Minimum Conditions and Performance Measures, popularly known as MCPM, are criteria of evaluating the performance of the local government bodies (District Development Committees and Municipalities) while the for the Village Development Committees it is limited to Minimum Conditions (MC) only except few those where Performance Measure (PM) has been piloted. MCPM is an undertaking of the Government of Nepal's Local Bodies Fiscal Commission. Minimum Conditions Performance Measure (MCPM) is a system of measuring the performance of local bodies on the basis of certain set standards and tie up the block grants and revenue sharing with their performance result.

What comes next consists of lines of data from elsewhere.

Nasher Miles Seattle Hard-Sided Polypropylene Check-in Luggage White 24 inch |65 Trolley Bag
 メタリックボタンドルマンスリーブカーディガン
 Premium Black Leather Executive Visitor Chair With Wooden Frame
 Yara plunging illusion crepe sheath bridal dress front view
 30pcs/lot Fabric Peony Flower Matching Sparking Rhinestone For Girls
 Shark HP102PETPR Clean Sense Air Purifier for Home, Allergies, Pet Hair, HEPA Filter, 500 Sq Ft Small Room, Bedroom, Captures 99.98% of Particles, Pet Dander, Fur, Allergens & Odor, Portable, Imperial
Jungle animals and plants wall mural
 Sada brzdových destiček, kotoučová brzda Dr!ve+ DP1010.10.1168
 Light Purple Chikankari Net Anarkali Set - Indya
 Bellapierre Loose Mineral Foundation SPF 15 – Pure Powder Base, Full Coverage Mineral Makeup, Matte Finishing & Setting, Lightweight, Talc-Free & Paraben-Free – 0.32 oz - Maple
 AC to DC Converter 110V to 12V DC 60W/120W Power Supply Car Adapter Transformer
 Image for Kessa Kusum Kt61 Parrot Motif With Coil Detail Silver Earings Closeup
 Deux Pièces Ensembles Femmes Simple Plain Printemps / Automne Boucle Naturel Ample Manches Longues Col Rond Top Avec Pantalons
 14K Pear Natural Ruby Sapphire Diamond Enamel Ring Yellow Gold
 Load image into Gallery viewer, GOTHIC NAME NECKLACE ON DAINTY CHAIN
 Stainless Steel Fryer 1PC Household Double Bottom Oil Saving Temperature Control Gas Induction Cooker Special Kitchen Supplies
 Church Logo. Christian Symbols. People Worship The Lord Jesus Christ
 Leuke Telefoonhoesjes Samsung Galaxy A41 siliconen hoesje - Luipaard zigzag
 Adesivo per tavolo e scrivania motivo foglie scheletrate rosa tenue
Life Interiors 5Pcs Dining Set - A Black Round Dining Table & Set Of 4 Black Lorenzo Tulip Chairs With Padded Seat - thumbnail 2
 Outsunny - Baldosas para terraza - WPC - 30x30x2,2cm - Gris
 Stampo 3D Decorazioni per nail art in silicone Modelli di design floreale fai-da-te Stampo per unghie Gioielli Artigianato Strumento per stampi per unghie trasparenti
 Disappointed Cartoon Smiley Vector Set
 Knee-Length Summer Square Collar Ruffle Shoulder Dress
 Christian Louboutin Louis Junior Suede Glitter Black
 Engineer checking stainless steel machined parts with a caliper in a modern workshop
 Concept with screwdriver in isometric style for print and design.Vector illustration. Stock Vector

Every year Nepalese government conduct MCPM “Minimum Conditions and Performance Measurement” for its local bodies namely, District Development Committees (DDCs), Municipalities and Village Development Committees (VDCs) as a basis to determine the minimum criteria met by those local bodies for the next year’s budget and program allocation from the central government. Alongside the Minimum Conditions (MC), there is another part Performance Measurement (PM) – whatever the terms are they both aid LBs in gaining monetary and other support from the government if they met MC or score higher on the rank or the budget grant is deducted if any LBs fail to meet MC/PM.

MCPM results for VDCs, DDCs and Municipalities are published annually at LBFC's official website. The result analysis is available at the same web page.